Sidney Blackpool sat up in the hotel bed, cursed himself, hated himself, and dialed the Palm Springs P.D. asking for the homicide investigator named on the reports.
“Finney’s not here,” the telephone voice said. “This is Lieutenant Sanders. Can I help you?”
“Sid Blackpool, Lieutenant. I think your boss was told we were coming?”
“Oh, yeah, sorry about Finney. His mother’s real sick and he took off yesterday for Minnesota.”
“When’s he coming back?”
“Depends on her.”
“Can anybody else talk about the Watson case?”
“I guess I can. You have copies of the reports, I understand. Not too much to add.”
“The reports said you checked out all the radio stations in the desert about that singing voice.”
“Finney even checked stations in L.A., Vegas and San Diego in case it was some high-powered radio heard by the Mineral Springs cop. Nobody played ‘Pretend’ at that time of day. And no singer ever recorded ‘Pretend’ with only a banjo behind him, far as we know. So Jones either heard a live voice or a tape. He was damn near into heat stroke so we can’t be sure.”
“If it was a live voice it’s kinda bizarre.”
“Kinda morbid. If it was live it means the guy that killed the kid came back and sang a little requiem over the corpse.”
“Are you sure the car was actually torched? I mean, it did crash down a canyon.”
“No, we’re not positive. The gas tank was ruptured by the crash. That car could a caught fire on its own. In fact, if it wasn’t for that thirty-eight hollow-point slug in the skull, we had nothing but a fatal traffic accident. The kid drove off a dark canyon trail where he never shoulda been without a four-wheel-drive vehicle. His car caught fire and he died a crispy critter. Period.”
“Too bad there wasn’t a gun found at the scene,” Sidney Blackpool said. “You coulda maybe figured it to be a suicide where the car rolled off the hill after the kid shot himself.”
“No gun,” the lieutenant said. “And a very bad angle for a right-handed suicide.”
“About how many people live in those canyons?”
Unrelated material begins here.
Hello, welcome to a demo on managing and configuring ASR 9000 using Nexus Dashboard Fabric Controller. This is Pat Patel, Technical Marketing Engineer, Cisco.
“No people. About sixty dirtbag methamphetamine dealers. No Homo sapiens allowed in Solitaire Canyon. They cook up speed in those shacks, but it’s almost impossible to get probable cause to bust them. Even if you have a warrant, they can see you coming for two miles and bury the evidence in holes they dig. Lots a those bikers are Vietnam vets. They’re a chapter o
f the Cobras motorcycle gang.”
“Any chance he drove up there because he wanted to?”
“Not much chance,” the lieutenant said. “He seldom drove the Rolls. In fact, I was surprised to get the call from Watson saying the kid drove the Rolls to Hollywood. He wasn’t a speed user. And not that it was productive, but we did question every crank dealer and desert rat living around that particular canyon. All negative. We have this crime-stoppers program where citizens donate reward money. Better known on the streets as dial-a-snitch or burn-a-buddy. And after Victor Watson offered a fifty-thousand-dollar reward I think lots a cranked-out bikers’d roll over on each other if they knew anything. We got nothing. All we know is Watsons car went over the canyon and caught fire. He was pinned in the wreckage. Turns out he was shot in the head before he got cooked, lucky for him.”
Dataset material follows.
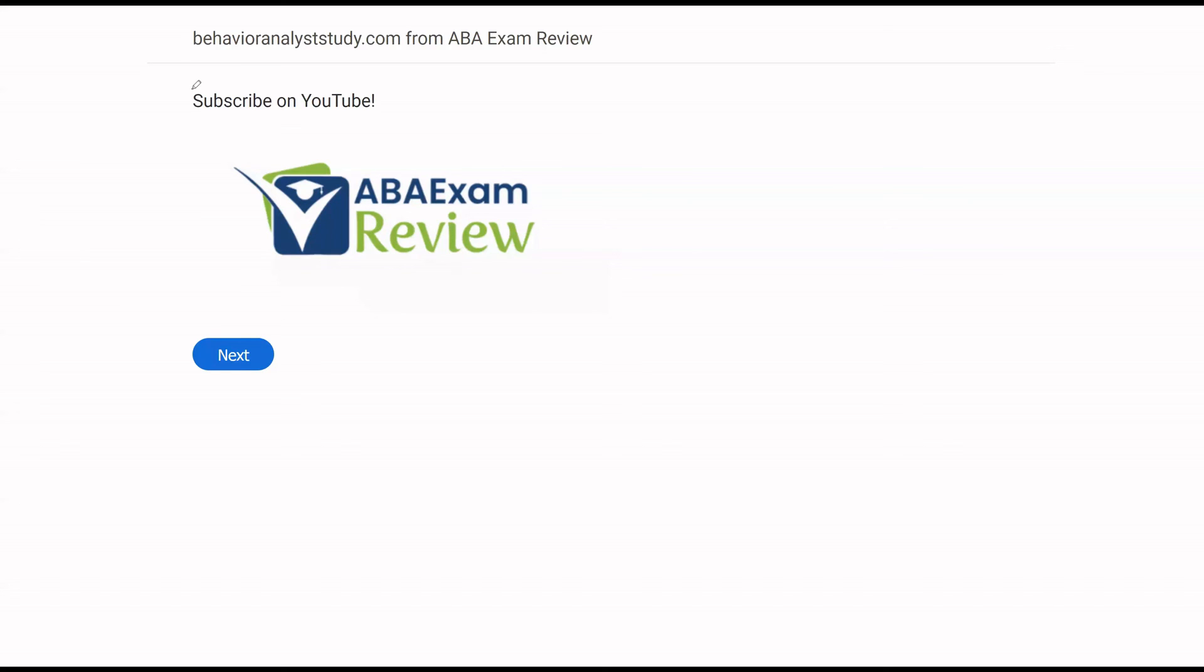Thanks for watching. Please subscribe on YouTube. Check out BehaviorAnalystStudy.com for all of our study materials. When you pass, let us know so we can include you in the Sunday shout out or card. Study hard. See you soon.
“Of course no chance to dust for prints in a burned wreck.”
“We got a very diligent fingerprint man. Name is Hoffman. He dusts everything. He even dusted the dust. Once he dusted an assault victim’s tits, which bought him a three-day suspension. We call him Dustin Hoffman. He got nothing.”
“And then a freak came back a few days after the murder and sang ‘Pretend.’ ”
“That’s about it. The singer mighta been some prospector or nature lover. Or even a speed head who was just out for a stroll in the canyons after shooting his arms full a crystal. Officer Jones mighta just heard an innocent bystander.”